We turn again, then, to the principle that we find running right through the scriptures. Why is it important to know whether you are a Christian or not? Because it is at the time of testing that this thing becomes of vital importance to know. It is in the tests and trials of life that this thing comes out.
As Christians are persecuted more and more, and the laws are changed to do more harm to Christians, some of us in this room may end up having to face a judge, or having to face prison, where we are persecuted for our religious beliefs. It is going to be at times like that that we are going to have to really know whether we are travelling on a passport or birth certificate. We really need to work these things through in our minds early before that happens.
You go on for years while you are well and vigorous. You are in the church; and you seem to be of the church; your interest is there, and you are one with the congregation. But suddenly you become ill and your find yourself sick in bed for months.
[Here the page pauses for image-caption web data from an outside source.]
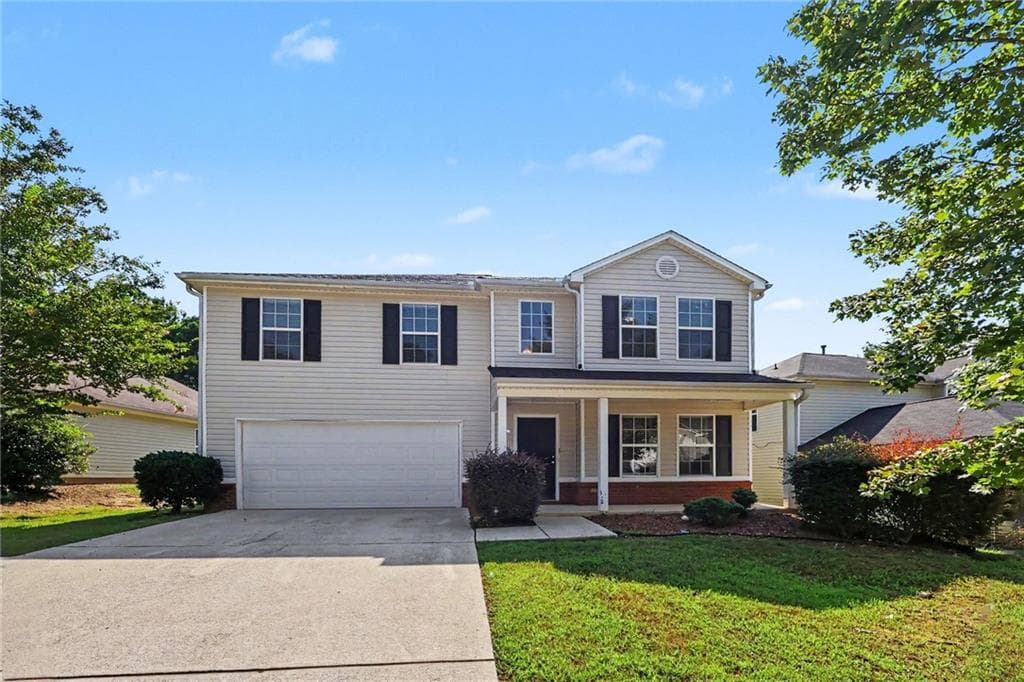 4 bedroom, 3 bathroom, 2,466 sq ft single family residence for sale at 2020 Sweet Bay Drive, Villa Rica, GA 30180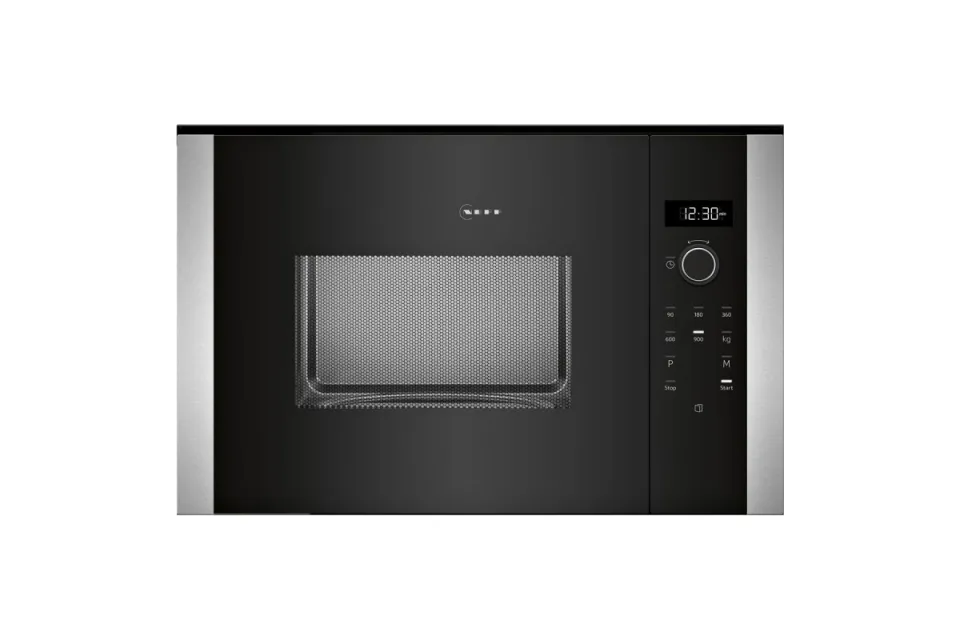 Микровълнова фурна за вграждане Neff HLAWD53N1F Серия N50, 25 л, 900 W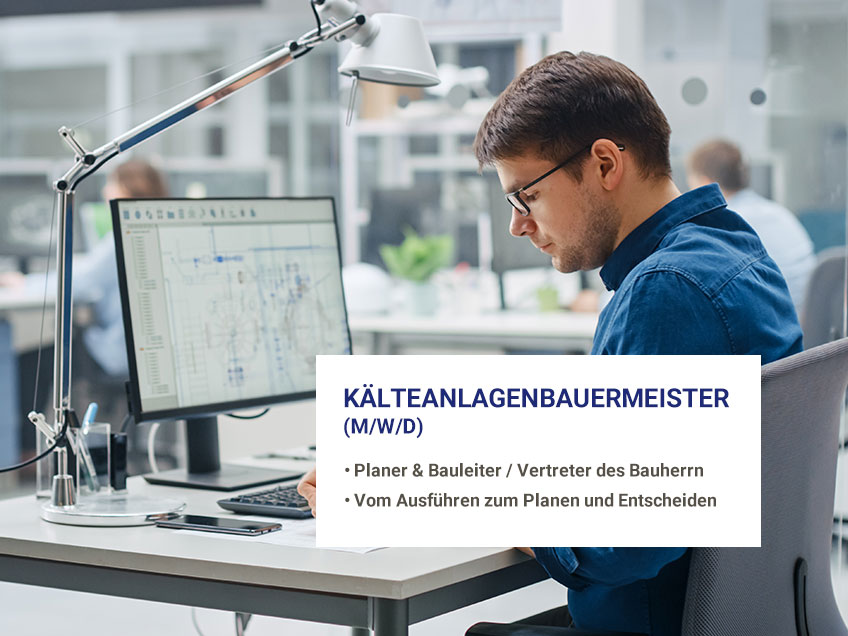 Kälteanlagenbauermeister (m/w/d) gesucht – KB KälteBeratung Koblenz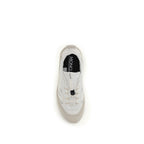 Moncler hvit polyester sportssko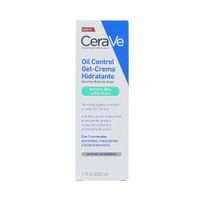 cerave oil control gel crema hidratante 52 ml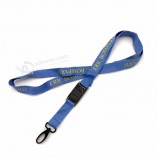 umweltfreundliche Lanyard mit 3D-Druck-Logo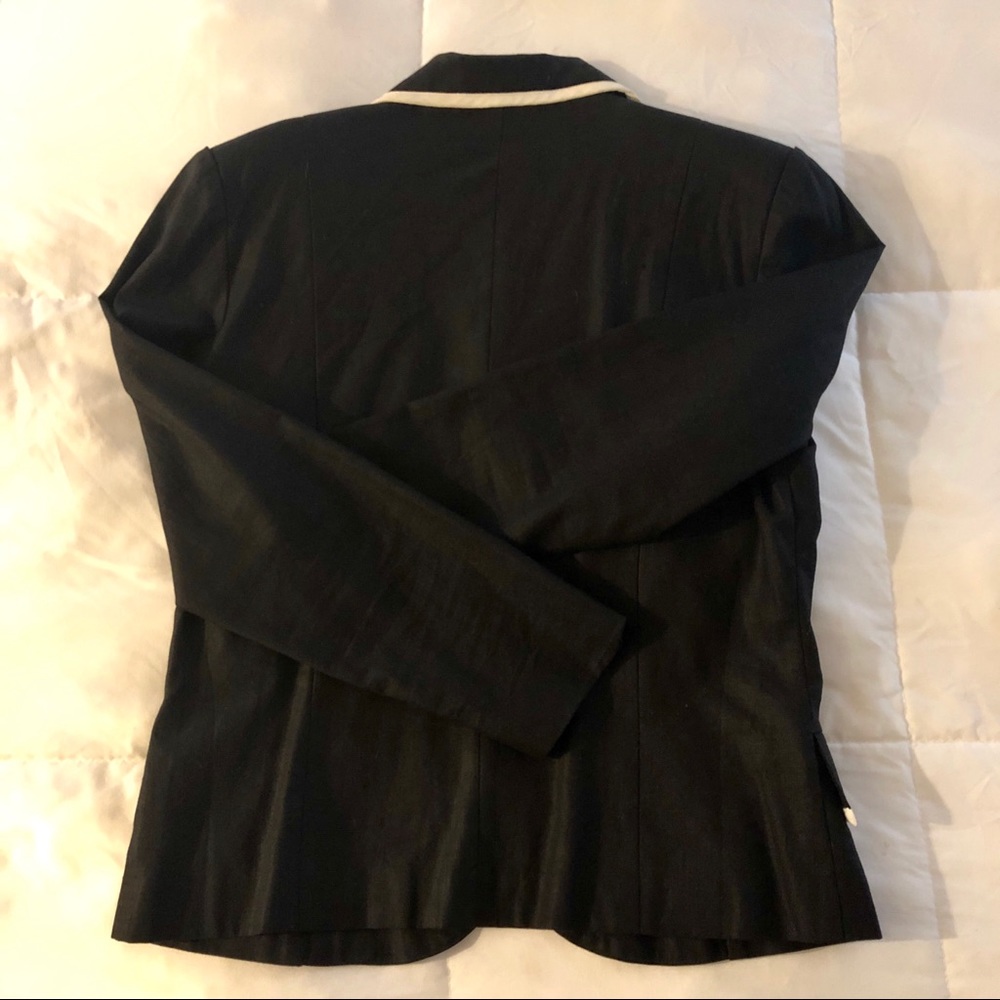 Black and White Blazer - Picture 2 of 6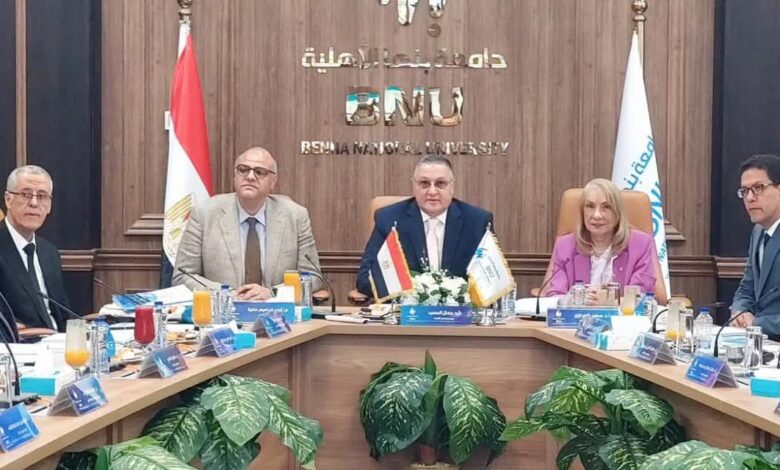 محافظ القليوبية : إنشاء مركز تميز بالجامعة لخدمة المناطق الصناعية بالعبور 1 محافظ القليوبية : إنشاء مركز تميز بالجامعة لخدمة المناطق الصناعية بالعبور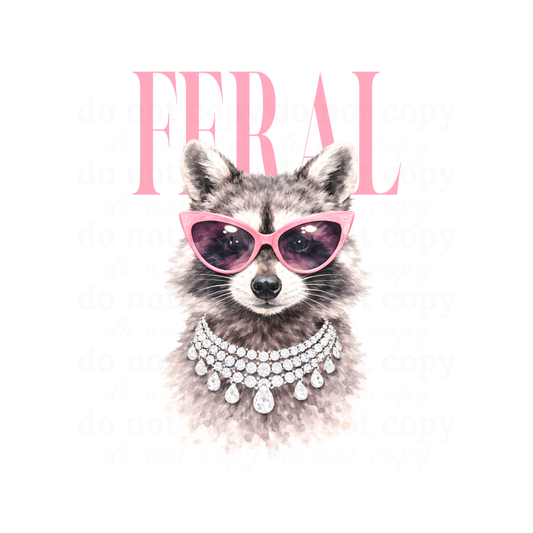 Feral - DTF TRANSFERS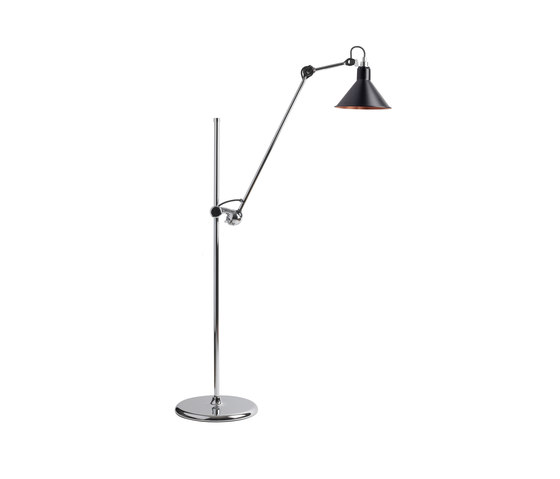 LAMPE GRAS - N°215 L black/copper | Free-standing lights | DCW éditions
It will not be long before you know whether you are a Christian or not. It makes a crucial difference then, under the stress of a trial, or a sickness or anything of that sort. Or when there is an illness in a member of the family, when there is a deep empathy or a death, some terrible heart-rending sorrow.
It is during times like this that we realize how essentially important it is to know whether we are a Christian or not.
If you are simply 'living on a passport,' it does not seem to help you. But if you really belong, it makes all the difference in the world. But let us take it to the ultimate.
Jesus Christ Himself does this, and it is the major point in the concluding section of Matthew 7. There are people who seem to be Christian and who say, 'Lord, have we not done many wonderful works in your name?'
Matthew 7:21-23 "Not everyone who says to Me, 'Lord, Lord,' shall enter the kingdom of heaven, but he who does the will of My Father in heaven. Many will say to Me in that day, 'Lord, Lord, have we not prophesied in Your name, cast out demons in Your name, and done many wonders in Your name?' And then I will declare to them, 'I never knew you; depart from Me, you who practice lawlessness!'
He is a stranger after all, a foreigner in the last analysis; passport handed back, shipped abroad, sent out of the country! So you see that it is vitally important that we are absolutely certain whether we are still 'strangers and foreigners,' or whether we really belong.
To be practical, here is the third principle as a question. How can we know, for sure, that we are a citizen? What are the tests? Here are some very simple answers based on the illustration used by the apostle Paul.
I will start first with the most superficial thing of all. Here is the general idea. This is so you can test yourselves.
If you want to know if you are a stranger and a foreigner or not, answer this question:
Do you feel at ease in the church?
Are you quite at ease among brethren in the church?
Do you feel at home?
Or, do you have an uncomfortable feeling that you are somehow an outsider?
This is what happens when you go to stay with a family, is it not? They may be very nice and friendly, but you feel that you do not belong, you are not quite at ease, you are conscious of the fact that you are not in your own home, you cannot relax. They may love you as one of the family, and you may love them just as well, but there is always just that little difference there.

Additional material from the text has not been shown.